Andrew spoke on alternatives to the disappearing cookie and presented several recommendations for publishers trying to navigate the changing environment.
He said that “identity management solutions must be at the center of a cookie-less world,” and recommends that the digital publishing and advertising industries take the following actions to adapt to this new reality:
- Experimentation. The phasing out of cookies and imposition of regulations around identity have spurred private investment in the creation of new IDs and workarounds. Investment in the future of identity management is critical for programmatic buying to remain effective.
- Exploration. Publishers and brands must explore how to leverage first-party data assets, such as lists of signed-in users with email addresses and phone numbers. Owners of first–party data should explore how these assets can be turned into valuable anonymized audience segments to increase addressability.
- Understanding. What are your buyers looking for in the ID space?

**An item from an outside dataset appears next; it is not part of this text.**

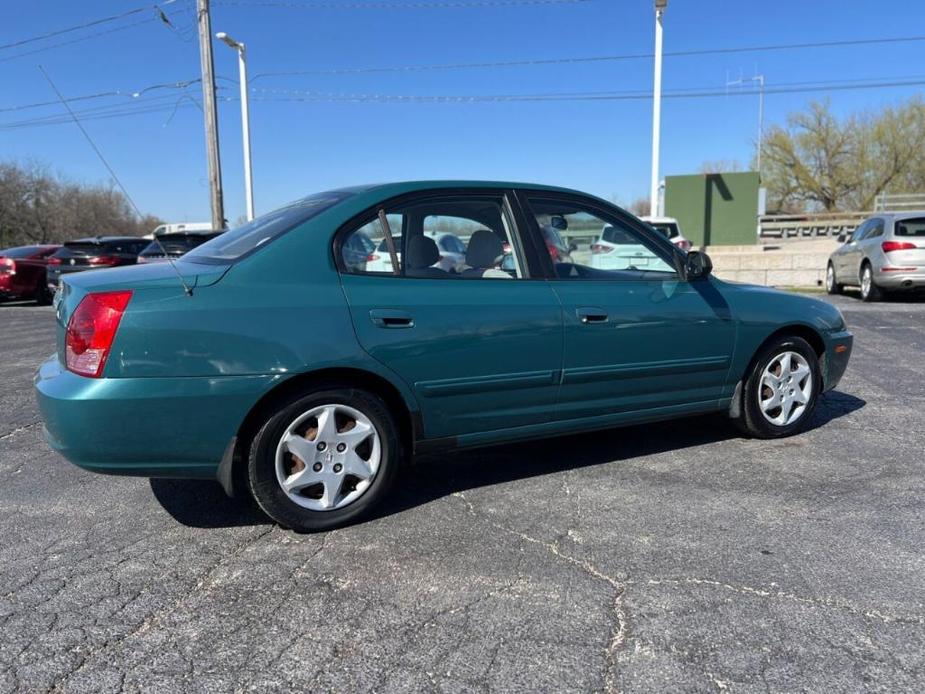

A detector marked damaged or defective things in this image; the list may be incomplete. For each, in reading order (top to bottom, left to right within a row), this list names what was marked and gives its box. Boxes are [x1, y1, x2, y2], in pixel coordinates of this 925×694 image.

cracked asphalt [1, 290, 924, 692]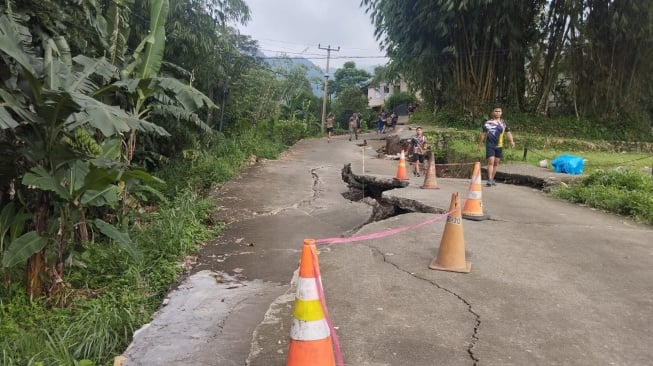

Individual demand-side platforms (DSPs) are investing in their own IDs and competing against agencies that are also investing in their own IDs. No single ID will rule them all. As well, a publisher that wants access to multiple IDs to boost programmatic demand might pull in a supply-side platform (SSP) for help.
- Bridging the gap. Publishers, brands, agencies, and tech providers need to figure out how to effectively connect cookie environments and non-cookie environments. This issue is more about cross-channel needs, which have always existed, and solving for individual identifiers in these channels. In the short term, a lot of ID providers will use large cookie pools to help collect more information, whether it’s contextual or behavioral, to build the identity graph of the future.
All of these actions will place identity management at the center of a cookie-less landscape. The pace of change is rapid, partially driven by platforms (e.g. Apple and Google) but also partially driven by regulators. Many EU countries have implemented very consumer–focused privacy regulations, and in the U.S., California is following.
Andrew also thinks that the growth in content engagement, OTT and CTV and e-commerce following the start of the pandemic has changed the way audiences interact with publishers and advertisers. “The pandemic has actually increased the number of eyeballs and the number of addressable audiences, so, this is an exciting time to be thinking about how to reshape the way that we identify users through the highly trackable means of the internet.”